Is it okay to skip charity work if we’re busy? Here’s how to help when it seems like there just aren’t enough hours in the day.
In a recent talk on helping the needy, Pope Francis said that true Christian charity stems from giving our time, not simply making charitable donations. This might come as, well, an added bit of pressure for women who are already juggling families and jobs, and it might be tempting to push that piece of papal advice out of our minds, at least for now.
But Pastor Laura Patrick of the Rock Church in Queens, New York says that with a little planning, even frazzled mothers and women with demanding jobs can make time for volunteering. It’s about making service to others a priority.
Pastor Laura herself tends to spend about 12 hours a day at her church as she preaches, takes care of administrative duties, coordinates donations, teaches classes, and assists with a variety of events from dinners to theater productions. But she’s hesitant to admit the breadth and depth of her service because she’s so in awe of the other women in her congregation.
Prioritizing the to-do list
“Being a mom doesn’t slow the women here down from volunteering,” she says. “I have women who come here every single day. They will bundle their kids up, even in the wintertime, and put them on the bus or subway. They’re some of the first ones here in the morning and some of the last ones to leave at night.”

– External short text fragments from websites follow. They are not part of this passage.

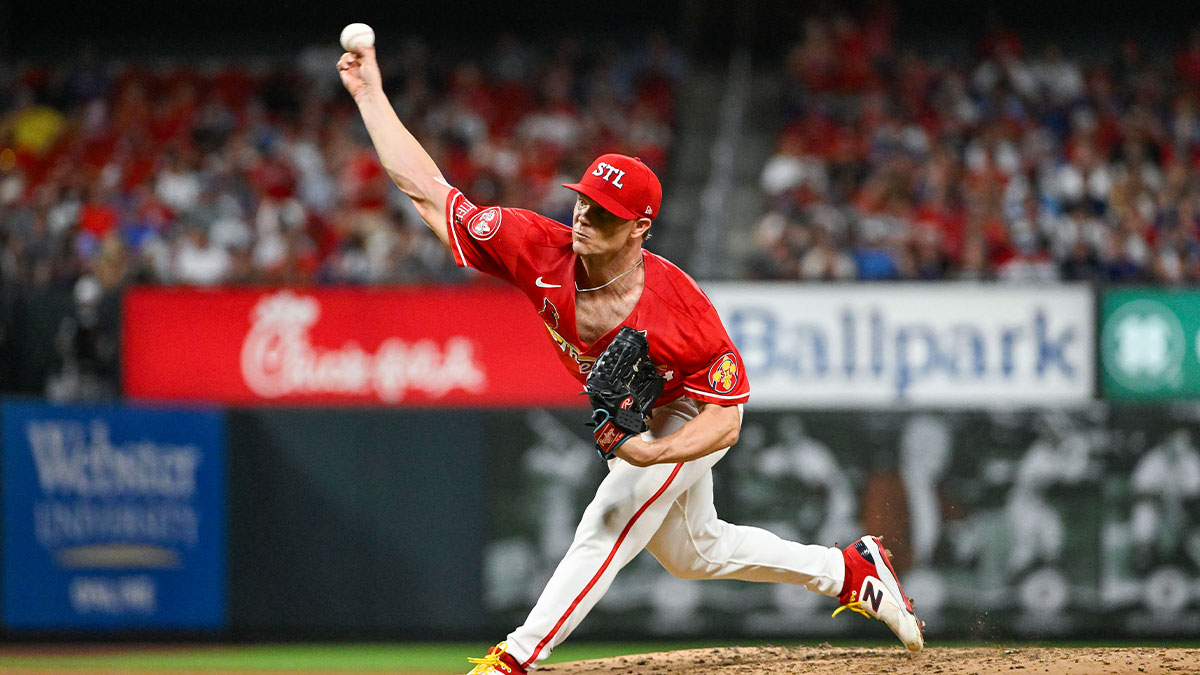 Jul 12, 2024; St. Louis, Missouri, USA; St. Louis Cardinals starting pitcher Sonny Gray (54) pitches against the Chicago Cubs during the sixth inning at Busch Stadium. 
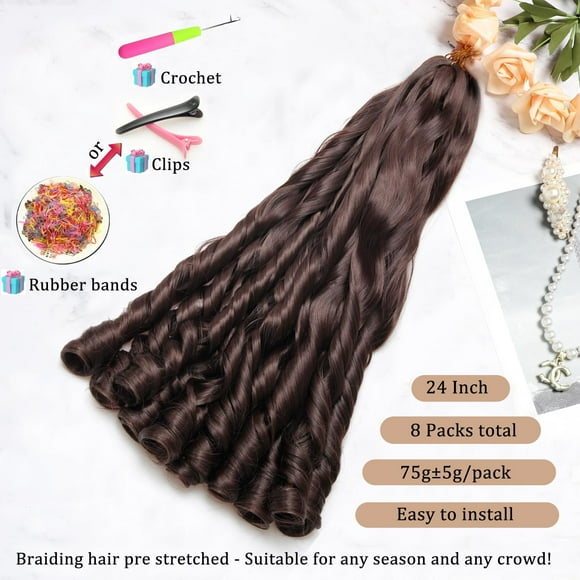 WEIF-French Curl Braiding Hair 24Inch 8Packs French Curl Crochet Braids Short Curly Crochet Hair Skin-friendly Bouncy Synthetic knotless Braiding Extensions (4#, 24inch)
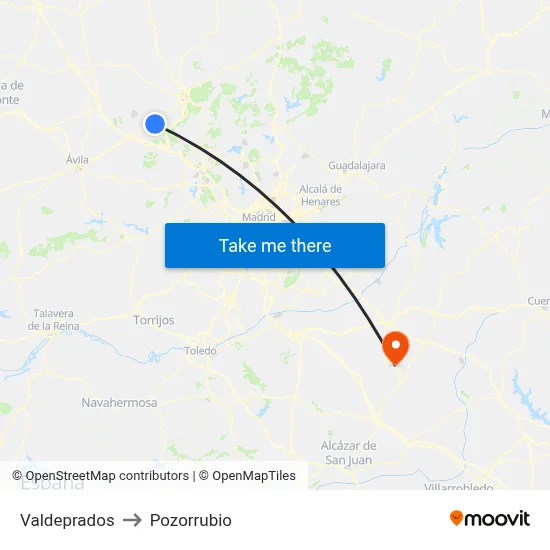 Valdeprados to Pozorrubio map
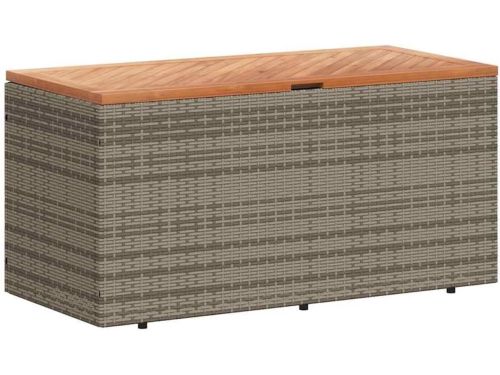 Tuinkist 110x50x54cm van Polyratan en Acaciahout - Grijze Opbergbox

Pastor Laura cites one woman, who was a doctor in her home country of the Philippines, as an example of someone who puts her heart into action, despite competing items on her to-do list:
“Right now she’s working in a doctor’s office as she studies for the exams she needs to take to get her [American] certifications,” she says. “She’s also working on applying for her residency, which she should be doing next year. On top of that, she helps with our Filipino service and volunteering however else she can, even if she’s coordinating things over email. She stops by the church every day, sometimes just to drop by for half an hour, an hour, but she’s here.”
Combining charity, sociability, and family
While such dedication is admirable, the question you may have on your mind is, how can I be a more avid and available volunteer?
“It comes down to dedication and personal conviction,” says Pastor Laura. “There’s always time because there’s always something you can cut back on.”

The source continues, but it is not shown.